▶ THE PROBLEM: Please write out exactly the lines that begin at the line containing "Close-up of the" and run to the end of the records.

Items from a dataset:
--- START ---

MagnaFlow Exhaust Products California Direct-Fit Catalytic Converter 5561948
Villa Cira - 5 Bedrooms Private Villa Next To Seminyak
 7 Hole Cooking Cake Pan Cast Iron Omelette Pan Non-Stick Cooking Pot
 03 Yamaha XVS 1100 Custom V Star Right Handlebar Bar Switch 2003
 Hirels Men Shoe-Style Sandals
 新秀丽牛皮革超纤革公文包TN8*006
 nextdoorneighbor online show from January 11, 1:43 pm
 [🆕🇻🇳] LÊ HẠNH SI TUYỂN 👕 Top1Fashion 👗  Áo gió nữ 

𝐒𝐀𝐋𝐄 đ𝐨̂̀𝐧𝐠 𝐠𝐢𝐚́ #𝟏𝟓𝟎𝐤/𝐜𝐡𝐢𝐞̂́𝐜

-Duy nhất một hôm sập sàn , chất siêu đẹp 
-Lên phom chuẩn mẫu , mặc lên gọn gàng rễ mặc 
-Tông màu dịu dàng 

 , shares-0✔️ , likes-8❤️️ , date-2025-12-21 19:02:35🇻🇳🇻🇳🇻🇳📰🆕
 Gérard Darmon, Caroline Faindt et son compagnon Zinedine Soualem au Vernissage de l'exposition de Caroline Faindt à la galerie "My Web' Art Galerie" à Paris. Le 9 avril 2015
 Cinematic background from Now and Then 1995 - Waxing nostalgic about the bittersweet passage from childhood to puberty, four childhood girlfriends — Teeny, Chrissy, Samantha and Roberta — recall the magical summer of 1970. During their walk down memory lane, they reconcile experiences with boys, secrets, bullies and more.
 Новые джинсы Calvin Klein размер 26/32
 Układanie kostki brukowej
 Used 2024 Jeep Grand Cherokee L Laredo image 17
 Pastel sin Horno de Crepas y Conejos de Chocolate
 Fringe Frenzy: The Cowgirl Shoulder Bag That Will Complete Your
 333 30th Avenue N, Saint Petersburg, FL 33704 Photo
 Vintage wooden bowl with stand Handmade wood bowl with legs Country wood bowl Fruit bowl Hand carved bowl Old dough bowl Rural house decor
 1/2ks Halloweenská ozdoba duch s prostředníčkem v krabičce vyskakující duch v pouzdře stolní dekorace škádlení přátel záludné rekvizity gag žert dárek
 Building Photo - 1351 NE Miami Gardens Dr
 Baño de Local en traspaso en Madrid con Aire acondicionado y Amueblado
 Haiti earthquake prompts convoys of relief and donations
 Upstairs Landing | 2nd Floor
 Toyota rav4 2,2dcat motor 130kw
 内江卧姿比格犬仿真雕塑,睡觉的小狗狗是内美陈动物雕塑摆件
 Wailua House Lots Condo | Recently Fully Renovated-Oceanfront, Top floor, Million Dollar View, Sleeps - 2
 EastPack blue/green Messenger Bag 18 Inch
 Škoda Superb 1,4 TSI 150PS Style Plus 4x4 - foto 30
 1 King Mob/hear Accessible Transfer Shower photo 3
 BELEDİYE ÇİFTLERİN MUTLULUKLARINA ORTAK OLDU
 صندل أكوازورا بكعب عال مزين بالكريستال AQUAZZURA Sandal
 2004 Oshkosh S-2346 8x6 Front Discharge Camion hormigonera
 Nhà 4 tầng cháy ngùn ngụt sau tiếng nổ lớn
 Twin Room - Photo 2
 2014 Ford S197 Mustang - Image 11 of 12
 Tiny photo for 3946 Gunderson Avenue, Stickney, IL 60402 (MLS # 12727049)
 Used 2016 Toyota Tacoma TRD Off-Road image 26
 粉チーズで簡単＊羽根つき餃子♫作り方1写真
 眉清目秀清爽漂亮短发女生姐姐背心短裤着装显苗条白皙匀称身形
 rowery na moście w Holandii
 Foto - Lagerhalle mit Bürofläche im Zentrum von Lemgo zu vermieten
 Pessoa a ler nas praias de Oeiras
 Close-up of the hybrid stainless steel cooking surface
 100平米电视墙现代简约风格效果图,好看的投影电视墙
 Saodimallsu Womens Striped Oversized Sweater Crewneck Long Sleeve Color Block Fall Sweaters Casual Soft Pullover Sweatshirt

--- END ---

▶ YOUR SOLUTION:
 Close-up of the hybrid stainless steel cooking surface
 100平米电视墙现代简约风格效果图,好看的投影电视墙
 Saodimallsu Womens Striped Oversized Sweater Crewneck Long Sleeve Color Block Fall Sweaters Casual Soft Pullover Sweatshirt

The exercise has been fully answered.